Andrew Bell <
[hidden email]> wrote:
> I have a legacy server, server A, which holds all of my wired subnets
> (around 200). I also have a new set of servers, B and C, which hold my
> wireless subnets and are configured for failover.
>
> What I would like to do is migrate all of the wired subnets from server A to
> servers B&C. I think this will work...
>
> Create a failover peer relationship between A&B.
> Add all subnets from A to B.
> Update pools on A&B to use failover.
> Update routers to point to both A&B.
> Wait a while (days?)
> Add all wired subnets to C (including failover)
> Update pools on B to use B/C failover peer
> Change routers to point to B&C
> Shutdown A
>
> Does this plan make sense?
Mostly - though I am no expert on failover.

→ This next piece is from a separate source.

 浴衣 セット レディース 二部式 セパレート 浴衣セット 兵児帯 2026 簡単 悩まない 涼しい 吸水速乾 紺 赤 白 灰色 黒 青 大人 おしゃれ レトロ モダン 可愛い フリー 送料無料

Add the subnets to B with failover. When you add failover to A, it will then sync it's leases to B and they will enter normal state. This sync operation can take some time - watch the logs and/or query state (OMAPI ?).
Now point your routers (I assume you mean relay agents) to A&B.
You don't need to wait, the failover sync will have taken care of transferring leases. Waiting won't make clients switch from talking to A to talking to B.
You can now shut down A and put B into partner down state for this partner. B will now handle all clients when they broadcast requests - but not when they unicast to renew leases. When clients first try and renew leases, they will unicast a request to the server that originally gave them the lease. When they don't get a reply, they will eventually broadcast a renewal request and that will reach B which (because it is in partner down state for peer "A") renew the lease.
If you don't shutdown A at this point, it will still be answering unicast requests from clients when it shouldn't be.
Now add the subnets, with failover, to C; and change failover peer on B to C
Change routers (relay agents) to point to B & C.
Don't forget that you can do this a network (subnet or shared network) at a time. In place of "shutdown", change the subnet declaration to empty apart from "not authoritative". An empty subnet, especially if marked as not authoritative, is effectively "not there" as far as servicing clients.
If not directly connected, the subnet declaration can be missing altogether which achieves the same result.